But the way I figure it, it all evens out. Some bars with less ingredients leave me with a bigger profit while others a bit less.
I've been noticing though, a trend in the opposite direction. Soapers are not only charging more for their soap but charging different prices based on the ingredients. I'm seeing 4 oz bars going for $6.50 and even $7.
Soaps made with Shea Butter or other luxury butters/oils are now most expensive. I don't blame these soapers, not all all. It takes time and effort to make soap and the base oils, butters, and especially essential oils are all escalating in price.
I'd rather have soap makers keep the same quality ingredients while increasing their price than what I've been seeing occur too often. Soapers keeping the same prices but cutting back on their ingredients, using cheaper oils or using less essential oils. Decreasing both so much their soap quality suffers.

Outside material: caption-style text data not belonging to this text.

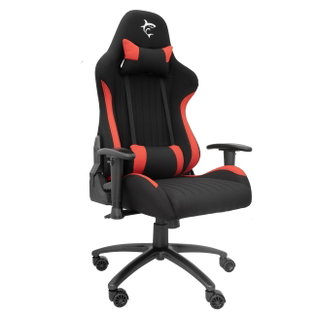 Black/Red Adjustable Professional Game Chair - White Shark ICSB-DARKDEVILBK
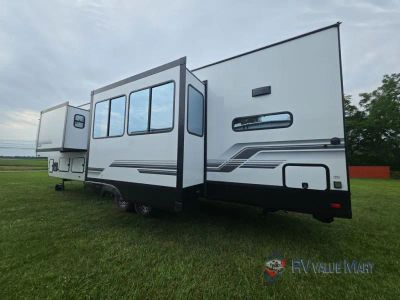 2027 Forest River RV Sabre — side profile view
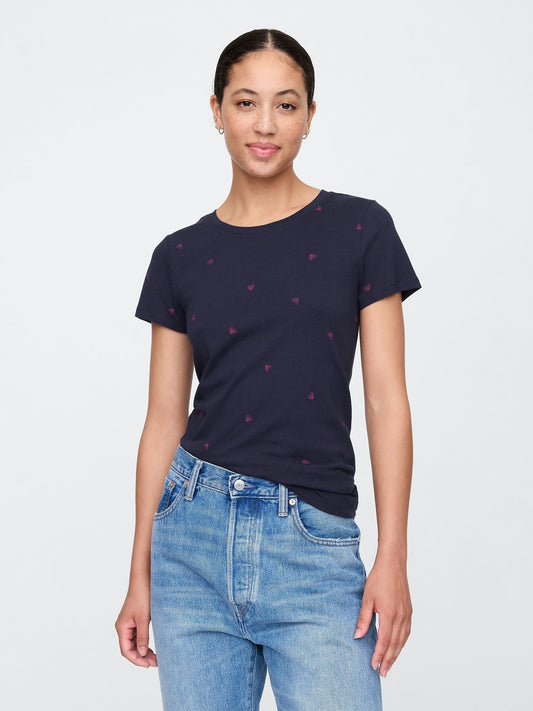Lacivert Favorite T-Shirt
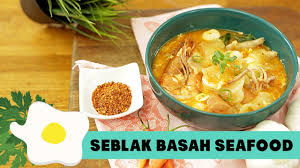 Seblak menjadi salah satu hidangan khas sunda yang disukai banyak orang di seluruh indonesia. Resep Seblak Basah Seafood Youtube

I love buying other peoples soap as it helps me improve my skills, and last week I bought a small bar of soap in Chicago, in a plain wax wrapper that claimed to have been "Farm Fresh" There were no ingredients listed on the label or a contact phone number (two big no-nos in my book) The packaging said it was "Citrus" but it had no scent. It also had virtually no lather and it was tiny. And it left my skin tight and dry. Just 3 oz for $5.99
So I have to encourage you soap consumers out there. If buying at the farmers market or soap shop, ask for a small sample to use first, or if buying through the mail ask the same. Don't expect a full size bar as a "sample" and please, please don't ask for samples of 10 bars, one or two seems fair does it not? The soapmaker can drop it in an envelope and for less than $1.00 she'll probably get another customer and you'll have piece of mind that you are getting a quality product.